Debate moderator Jim Lehrer said those who criticized him for failing to control President Barack Obama and Republican presidential candidate Mitt Romney during Wednesday night’s debate should be directing their critiques at the debate’s new format, not him.

In an interview with the Washington Post, Lehrer said his role as moderator was more about getting Obama and Romney to describe their contrasts and not so much about his control over the candidates.

“Yes, there were times when I pushed them, and sometimes they ran over and ignored me and all that sort of stuff. So what? I mean, it isn’t about my power, my control or whatever,” Lehrer told the Post’s Paul Farhi in an interview published Friday. “It was about what the candidates were doing, what they were talking about and what impression they were leaving with the voters.
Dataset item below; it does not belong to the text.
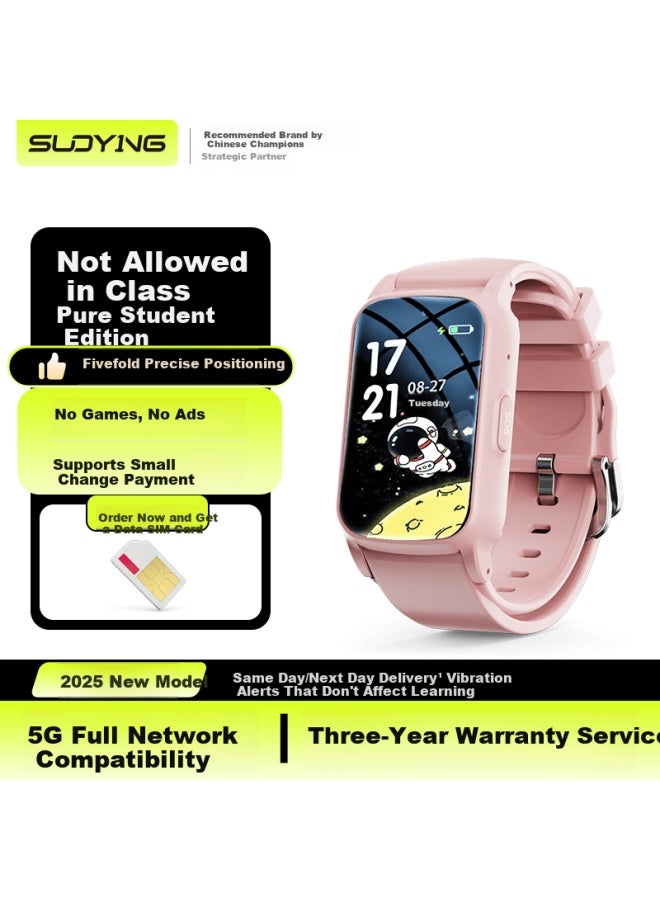 Suoying children's Phone Watch For Ages 6-12-18, Student Gps Call Video Waterproof Remote Monitoring New Sim Card Smarch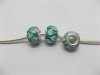 100 Green Lampwork Glass European Beads pa-g30 100 Green Lampwork Glass European Beads pa-g30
That’s what this is about. It’s not about how I felt about things.”

Lehrer said it was “frustrating” that Romney and Obama wouldn’t answer his questions directly and that the candidates went over their allotted time.
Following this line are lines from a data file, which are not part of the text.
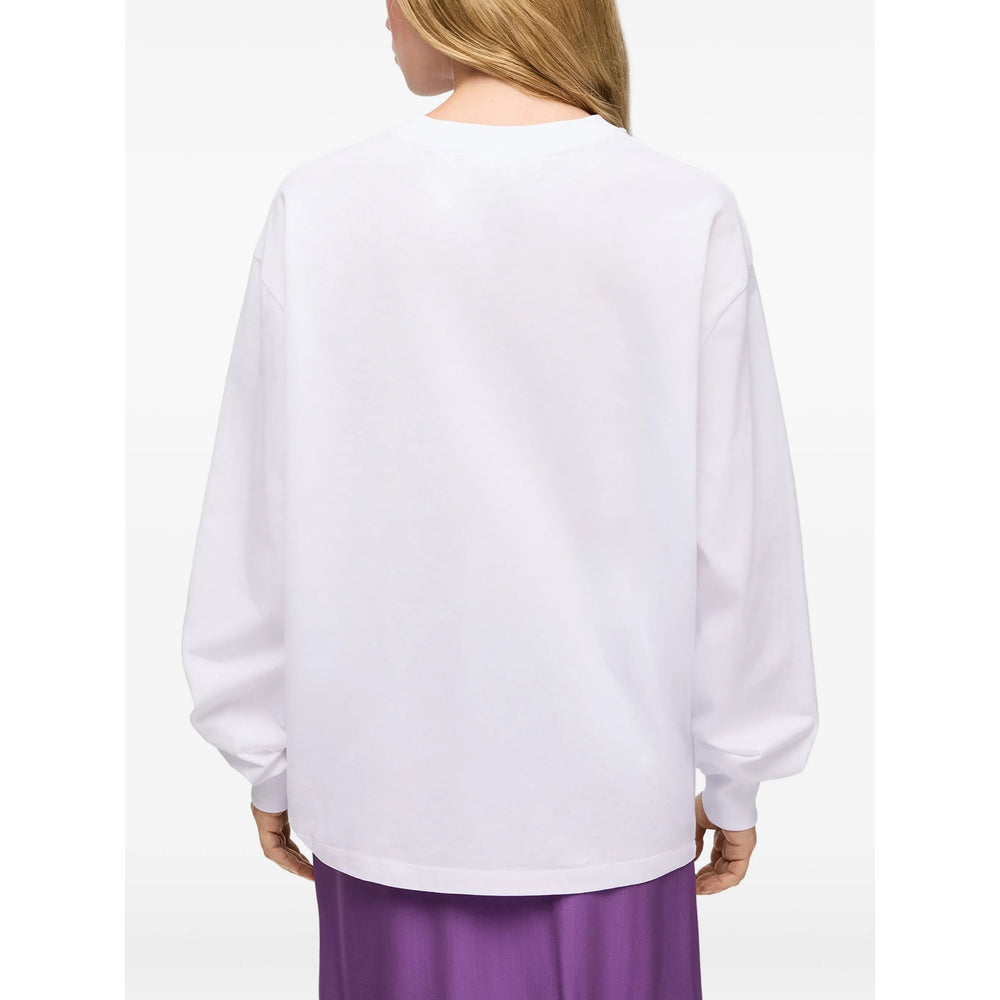 Ganni White Tops - T-Shirts & Jerseys Women GANNI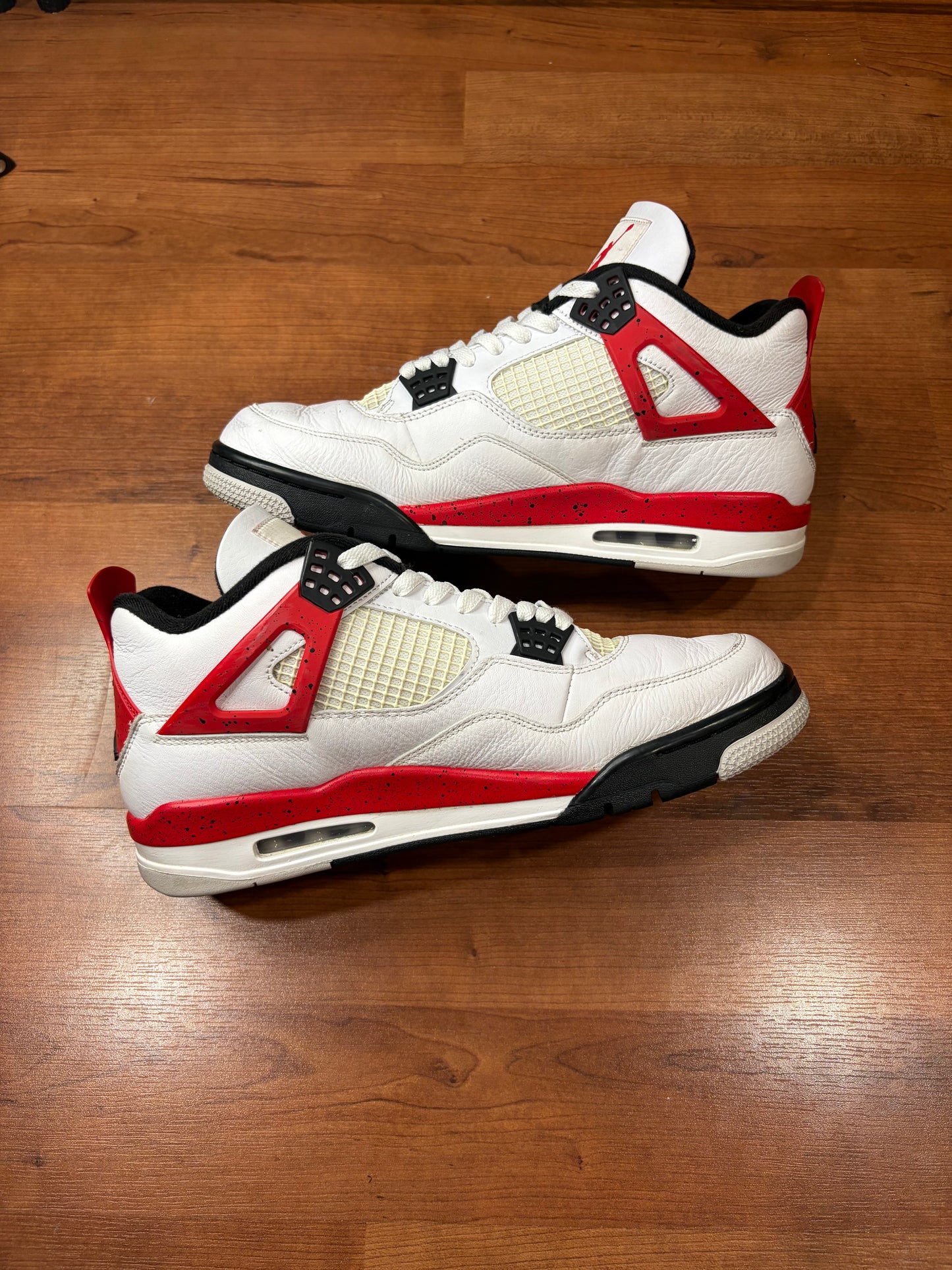 Jordan Retro 4 Red Cement (Size 12 Mens)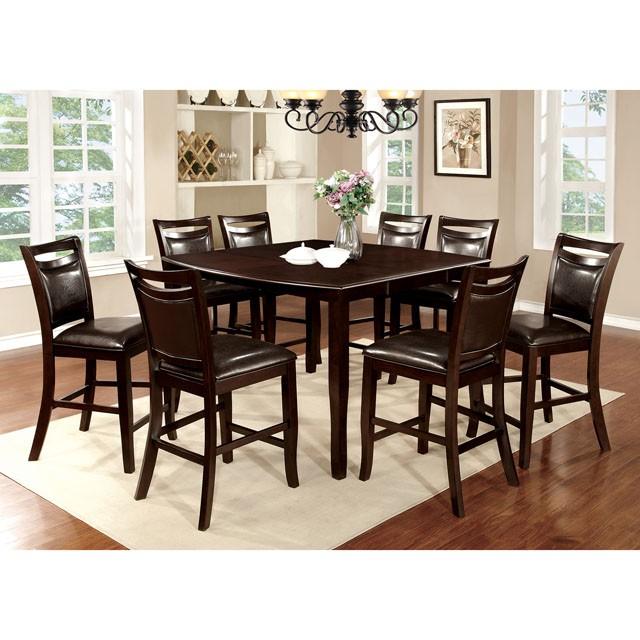 WOODSIDE II Dark Cherry/Espresso Counter Ht. Table w/ 18" Leaf - Olympia Furniture (Saint George, Utah)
“I kept reminding myself: ‘Hey, wait a minute. Waaait a minute. This isn’t about rules. This is about the reality of the exchange of the two candidates.’ So I just backed off. . . . I had no problem doing that,” Lehrer said in his defense.

In previous debates, each candidate had two minutes to answer a question and 90 seconds for a rebuttal. But under the new format announced by the Commission on Presidential Debates, while Romney and Obama had two minutes to answer a question from Lehrer, there was no set time for a back-and-forth discussion.

When asked about drawbacks of the new format, Lehrer said he wasn’t able to prod the candidates on as many subjects as he would have liked.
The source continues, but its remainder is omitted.